Nice’deki kanlı saldırıya istinaden “Ülkemizin yaşadığı tehditle mukayese edilemeyecek derecede küçük terör olayları karşısında benzer tedbirler alan Avrupa ülkelerine seslerini çıkartmayanların, Türkiye’yi eleştirmeye hakları kesinlikle yoktur” ifadesiyle 84 masum insanın ölümünü küçümseyen Erdoğan, eleştirdiği Fransa’yı kendi baskıcı OHAL’i için örnek gösteriyor.

Fransa’daki OHAL’e en az iki farklı açıdan bakmak şart. Bir yandan halkın günlük hayatı ve temel özgürlükleri üzerindeki etkileri, öte yandan da tanımsız, kontrolü neredeyse imkansız bir tehdit veya “düşman”a karşı önlem. Fransız halkı her ne kadar şiddetin akıl almaz boyutunun verdiği şok ile Bataclan katliamından sonra üç aylık OHAL süresini doğal karşıladıysa, özellikle sendikalar, insan hakları savunucuları, sol basın, siyasette de Sol Cephe ve Yeşillerden sürekli uzatılmasına karşı tepkiler sürüyor.

Sosyalist iktidarın giderek sağa kaydığını bilmeyen kalmadı. Ancak Nice saldırısı öncesi aylardır daha etkin güvenlik adına, daha fazla polis ve daha yetkili güvenlik güçlerini, yani daha çok toplumsal baskıyı savunan—Nicolas Sarkozy başta—tüm Cumhuriyetçi sağ muhalefetin tam da istediği sertlikte yeni düzenlemeler yapacağını tahmin etmek imkansızdı. Öyle ki, Tour de France bisiklet yarışı ve Euro Cup’ı saldırısız atlattıktan sonra, OHAL’in 26 Temmuz’da son bulması bekleniyordu. Şimdi artık hükümet daha önceki OHAL paketlerinde talep ettiği, ancak Anayasa Mahkemesinin şimdiye kadar “hak ihlali” gerekçesiyle reddettiği “güvenlik güçlerinin kişisel bilgisayar verilerine erişim iznini” bile elde etti. Yani cep telefonu, bilgisayar, tablet, her tür elektronik aletinize ve içindeki kişisel bilgi ve yazışmalarınıza el konulabilecek.
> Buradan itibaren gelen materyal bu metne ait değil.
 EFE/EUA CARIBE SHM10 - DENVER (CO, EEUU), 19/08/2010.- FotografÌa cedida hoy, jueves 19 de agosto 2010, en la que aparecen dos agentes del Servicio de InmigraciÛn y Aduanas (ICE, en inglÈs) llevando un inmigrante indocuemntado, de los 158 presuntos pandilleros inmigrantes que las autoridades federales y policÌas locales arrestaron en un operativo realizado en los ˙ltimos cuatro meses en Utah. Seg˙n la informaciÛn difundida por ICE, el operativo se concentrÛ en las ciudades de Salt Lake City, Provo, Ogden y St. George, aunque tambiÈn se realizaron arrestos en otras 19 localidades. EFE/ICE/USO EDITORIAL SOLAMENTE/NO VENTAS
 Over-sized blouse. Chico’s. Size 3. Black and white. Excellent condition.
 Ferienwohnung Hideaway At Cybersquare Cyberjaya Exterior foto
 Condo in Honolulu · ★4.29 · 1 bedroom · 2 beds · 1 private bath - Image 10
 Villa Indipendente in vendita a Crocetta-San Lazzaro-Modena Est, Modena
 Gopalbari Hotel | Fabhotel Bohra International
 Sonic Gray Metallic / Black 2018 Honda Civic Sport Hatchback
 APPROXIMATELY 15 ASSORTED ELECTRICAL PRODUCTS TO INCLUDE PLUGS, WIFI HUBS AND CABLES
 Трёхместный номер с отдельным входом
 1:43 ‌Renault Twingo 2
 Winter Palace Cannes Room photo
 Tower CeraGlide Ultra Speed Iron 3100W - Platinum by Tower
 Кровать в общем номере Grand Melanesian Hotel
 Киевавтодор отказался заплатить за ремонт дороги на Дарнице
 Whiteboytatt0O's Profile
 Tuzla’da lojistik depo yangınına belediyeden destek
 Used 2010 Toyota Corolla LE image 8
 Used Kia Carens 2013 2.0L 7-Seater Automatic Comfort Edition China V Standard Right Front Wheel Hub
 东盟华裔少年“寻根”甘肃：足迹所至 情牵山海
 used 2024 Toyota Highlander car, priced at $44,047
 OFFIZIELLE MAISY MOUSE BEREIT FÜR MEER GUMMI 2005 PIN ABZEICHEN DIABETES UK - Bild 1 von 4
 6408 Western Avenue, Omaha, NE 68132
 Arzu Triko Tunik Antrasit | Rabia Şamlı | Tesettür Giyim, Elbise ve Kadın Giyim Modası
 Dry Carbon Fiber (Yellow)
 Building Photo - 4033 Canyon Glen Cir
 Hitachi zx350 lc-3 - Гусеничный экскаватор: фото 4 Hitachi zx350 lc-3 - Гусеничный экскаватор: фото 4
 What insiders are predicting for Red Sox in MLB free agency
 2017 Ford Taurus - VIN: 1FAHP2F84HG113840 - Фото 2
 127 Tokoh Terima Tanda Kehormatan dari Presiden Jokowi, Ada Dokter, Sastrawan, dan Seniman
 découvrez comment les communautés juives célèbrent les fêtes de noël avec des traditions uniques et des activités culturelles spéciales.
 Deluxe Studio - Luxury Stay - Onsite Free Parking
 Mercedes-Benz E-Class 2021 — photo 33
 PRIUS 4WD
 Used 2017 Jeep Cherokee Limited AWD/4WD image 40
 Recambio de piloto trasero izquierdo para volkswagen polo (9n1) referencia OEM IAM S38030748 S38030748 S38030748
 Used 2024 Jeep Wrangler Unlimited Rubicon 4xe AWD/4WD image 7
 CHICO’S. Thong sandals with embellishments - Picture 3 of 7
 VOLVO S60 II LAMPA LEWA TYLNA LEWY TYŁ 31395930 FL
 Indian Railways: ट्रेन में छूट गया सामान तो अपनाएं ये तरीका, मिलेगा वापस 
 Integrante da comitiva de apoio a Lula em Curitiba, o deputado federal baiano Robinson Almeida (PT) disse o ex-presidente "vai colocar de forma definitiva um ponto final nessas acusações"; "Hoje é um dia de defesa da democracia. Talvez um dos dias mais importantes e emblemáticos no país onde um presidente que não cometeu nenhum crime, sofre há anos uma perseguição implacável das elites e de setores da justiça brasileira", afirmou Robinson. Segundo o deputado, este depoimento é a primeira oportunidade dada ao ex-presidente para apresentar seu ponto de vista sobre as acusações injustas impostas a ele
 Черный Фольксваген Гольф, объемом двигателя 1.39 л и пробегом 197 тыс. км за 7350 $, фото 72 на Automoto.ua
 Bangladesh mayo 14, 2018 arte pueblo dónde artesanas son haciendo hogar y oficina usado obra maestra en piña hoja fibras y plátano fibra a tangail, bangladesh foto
Oysa ki Fransa halkı, görevde olsun olması silah taşımasına OHAL sayesinde izin verilen polis, hatta asker kontrollü bir günlük hayata geçmeye henüz alışamamıştı. Her devlet dairesinin kapısında, her müzede, kamuya açık her alanda aramaların yanı sıra, bu “insan hakları anavatanı”nda temel hak ve özgürlüklerin yavaş yavaş yok olmasını şaşkınlıkla izliyordu. Örneğin Fransa’nın ulusal bayramı 14 Temmuz’dan daha kalabalık ve şenliklerle kutlanan 1 Mayıs İşçi Bayramında Paris’in göbeğinde yaşanan polis şiddeti. Örneğin tam da emekçilerin haklarını kısıtlayan yeni iş yasasının hükümet zoruyla parlamentodan geçirildiği şu sıralarda, valilik ve kaymakamlıkların diledikleri an bir kararla iptal edebilecekleri gösteri düzenleme özgürlüğü.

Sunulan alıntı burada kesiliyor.